Ban packed lunches? You must be joking!

A new report has urged headteachers to ban packed lunches and I’m somewhat enraged. Yes, how unlike me. Apparently the days of the turkey twizzler are well gone but some aspects of the report show it’s authors are living in cloud cuckoo land. Ban packed lunches whilst lowering the prices of school dinners? How terribly naive. Ban packed lunches and make a few quid more on selling school dinners more like. If you have a captive audience, you have them by the balls.

I have several actual issues with this though, mostly focused on the food rather than the ker-ching opportunities for schools or catering organisations. Firstly the school dinner portions at our kids primary school are far too small for our kids appetites. When the boy used to have a school dinner as he started reception, he came home afterwards and immediately had a second lunch. And there is no option for a second helping (not even employing Oliver Twist style please sir can I have some more tactics). Neither of our school aged kids are tubby but they are very active and burn a lot of energy. They walk or scoot to and from school, and trips in the car only tend to be taken when necessary. They often cover two or three miles a day easily.

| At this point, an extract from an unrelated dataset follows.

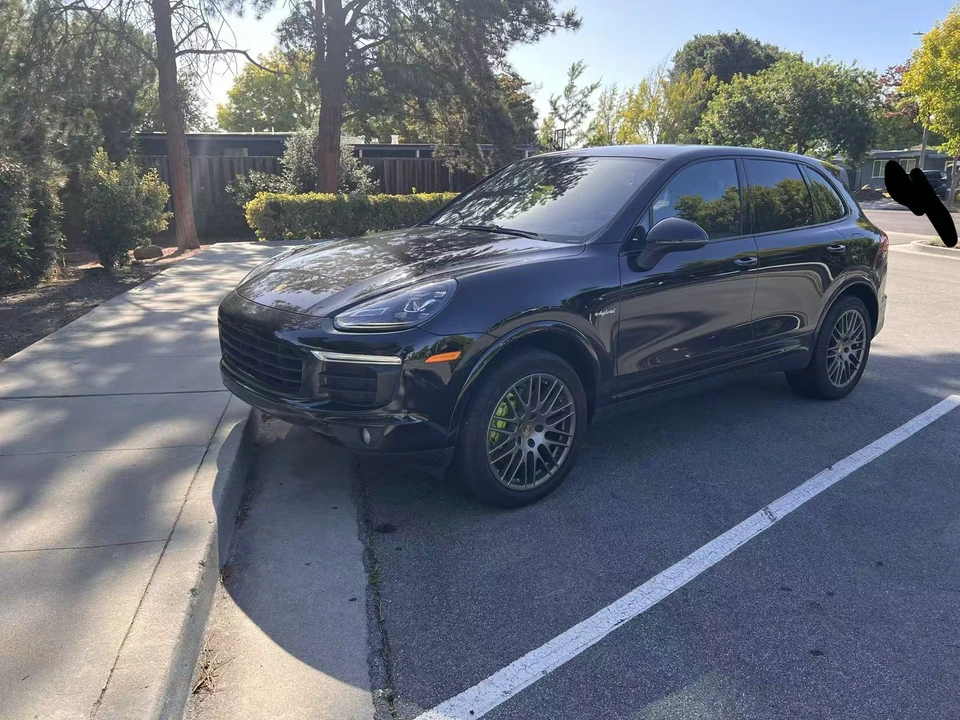 2017 Porsche 958 Cayenne - Image 3 of 31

Secondly, looking at the menu for the final 3 weeks of term, the kids can have jacket potato 10 out of the 15 days, with pizza & hotdogs filling up 2 of the remaining 5 days. That’s hardly inspiring and whilst the kind of healthy pack lunch wifey prepares probably costs as much as the £2 school dinner, at least we know where the meat has come from. Horsemeat was found in a few school dinners up in Lancashire, so the quality is not as great as the song and dance has suggested, even given the massive improvement in the quality of school dinners in the last few years.

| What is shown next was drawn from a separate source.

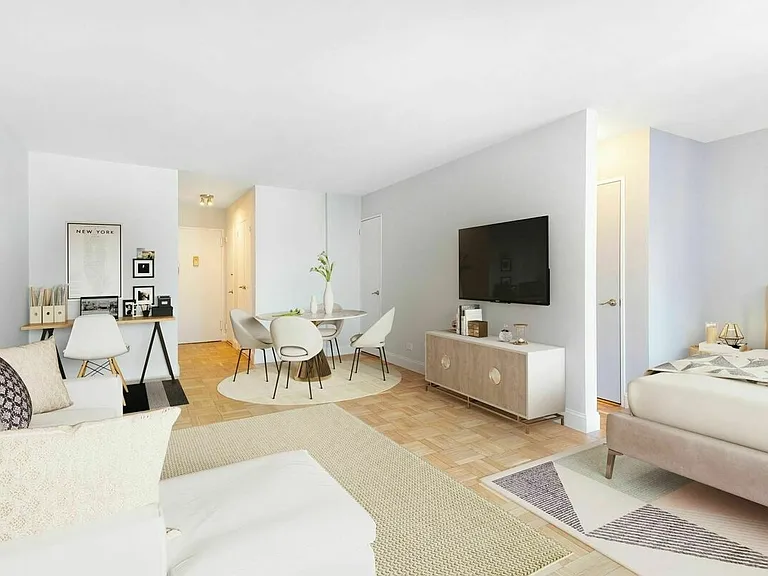 155 E 34th St #11B — Photo 2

Looking again at the menu, there is too much reliance on chicken and turkey, which can be raised very cheaply if you’re not adverse to a bit of animal cruelty. We only eat chicken when we’re happy of the ethical provenance of the fowl.

Rob Rees, chairman of the Children’s Food Trust, said his own children preferred school dinners, but added some parents feel they are expensive. He said, “They absolutely love it. It’s not the school meals of the past. It’s wonderful fish pies, bologneses, lasagnes.” No mention of the fish fingers, turkey burgers, sausage rolls or hotdogs there.

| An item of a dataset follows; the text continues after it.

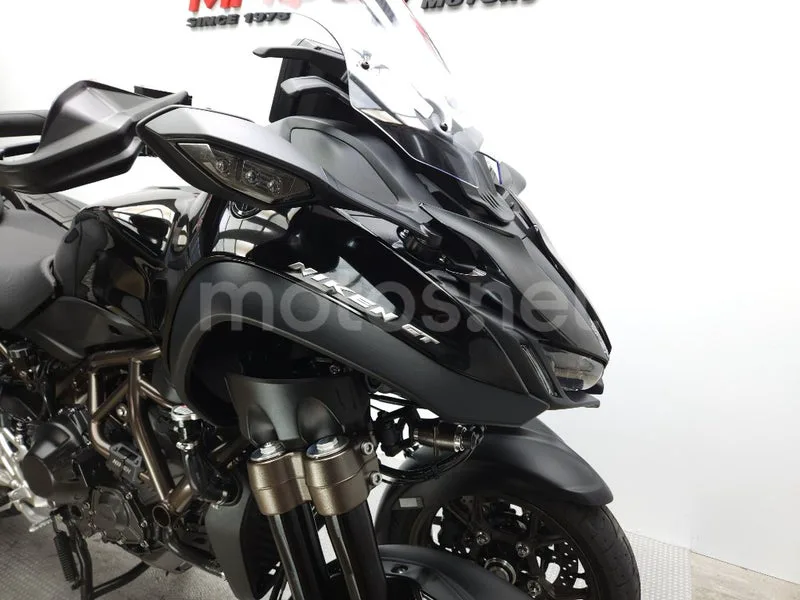 Yamaha Niken – Vista 3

I’m in no way picking on our school, I think the menu they provide is in keeping with the vast majority of schools but our kids school does go the extra mile and put the menu on it’s website in PDF format so parents can download it. Looking at other local schools, they don’t do this, which is a shame and makes it harder to pull examples from other menus. This romanticised idea that kids are wolfing down kelp burgers whilst looking forward to steamed fish on a bed of flax seeds on a Friday is nonsense. Yes, the turkey twizzler has gone, no it’s not much better than I’d put in a packed lunch. You only have to look to the lovely Pippa’s packed lunches if you’re stuck for inspiration. It’s not difficult.

I think a much better approach is to police what goes into a packed lunch if the government are worried about the quality of food kids are having for lunch. It’s something our kids school does and it shouldn’t take too much common sense to implement something like this. We’re lucky in a way, at our kids school the packed lunch kids get to go in first, so they don’t spend half their lunch queuing for a school dinner. This means the boy wants to have a packed lunch and Fifi has just announced she wants the same.